One dog forgets his size while the other requires an escort to the backyard.
Rufus and Scout. Amplifiers of chaos. Two extra children to raise.
When all hell breaks loose, Rufus and Scout are the first to get the boot.
“Scout! Kennel! Go!”
He’s too swift to spank; I tap him on the butt with the toe of my tennis shoe. He runs in the opposite direction. Hides under the dining room table. Freezes in the shadows until I finally get close enough to scoop him up and just carry him to his kennel.
He’s gone in a flash.
I give up.
“Fine,” I say. “Stay out. Whatever.” You’re small enough to not frighten anyone, though your yap is obnoxious.
Rufus at my feet – and legs and hips – turns in the hallway like a yellow school bus stuck on a one-lane country road. “Rufus, move!”

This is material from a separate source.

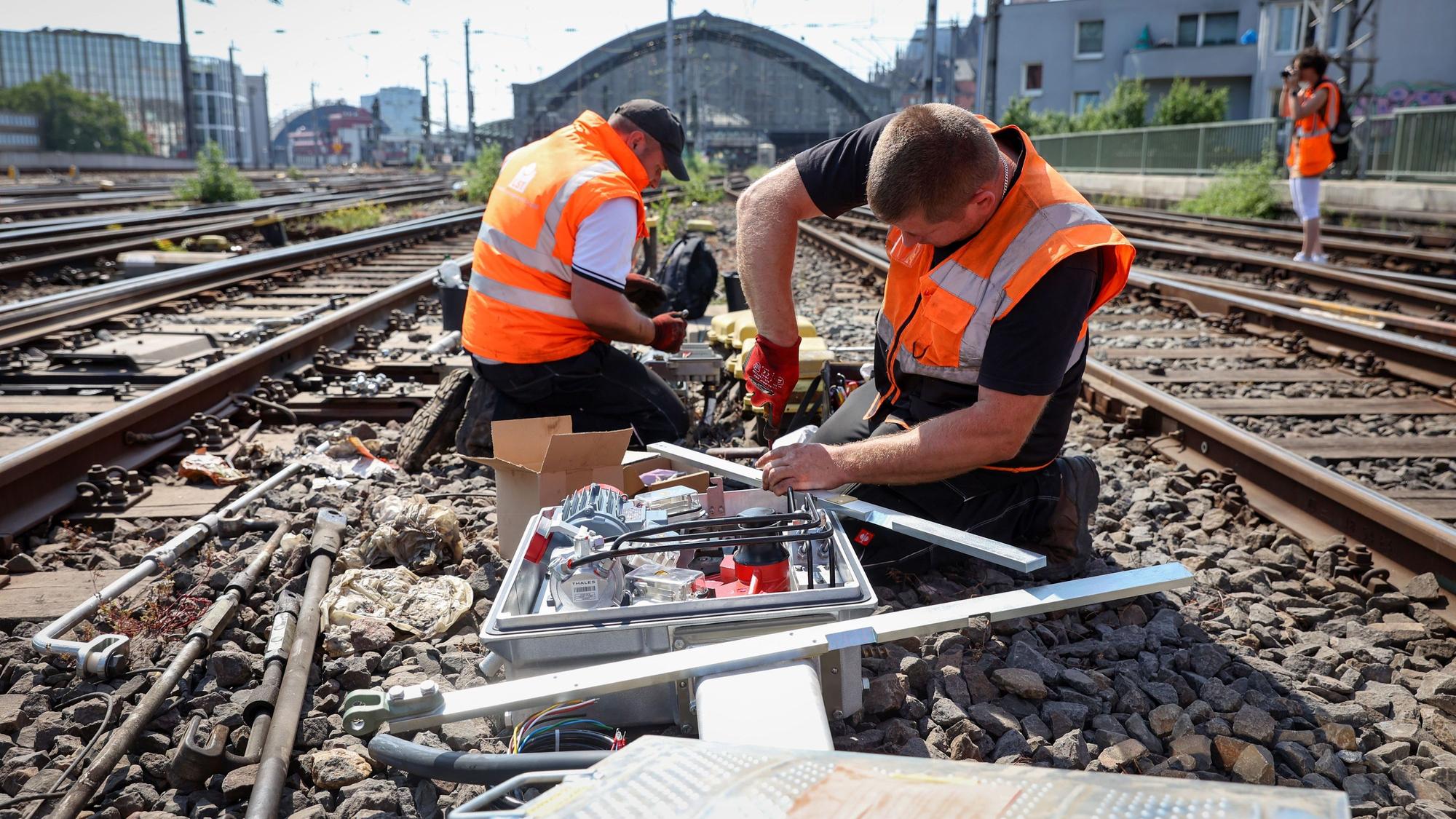 Zwei Männer in Warnwesten schrauben an den Gleisen am Kölner Hauptbahnhof.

When he, like a horse at the stall door, is on the other side of the baby gate, I can finally open the door to greet whomever. Or entertain guests without “the boys” underfoot. Or play with Abigail and Izaak without snouts in our faces or gobs of dog hair rolling across the hardwood.
“These guys were your idea,” I tell Zach. But I know we both picked them, and they’re here for better or worse.
I’m tested, but I’m committed.
And now I’m committed to check my tone when the boys need correction, to keep my cool when all hell breaks loose.
Because, when at the play kitchen, Abigail microwaves a pink tea cup full of bouncy ball, Scout’s nose brushes her hand. She yells, “Scout! Go away!” She wags her finger at him. Looks at me for approval.
I once heard someone say if you ever need a reality check, listen to your child discipline her dolls.
Or, in this case, her dogs.
Suddenly, without knowing it, she’s serving up humble pie at the Playskool kitchen.
You better believe I’ll raise my voice when she bolts into the street. You better believe I’ll speak sternly when she tries her hand at slapping us, refusing bath-time.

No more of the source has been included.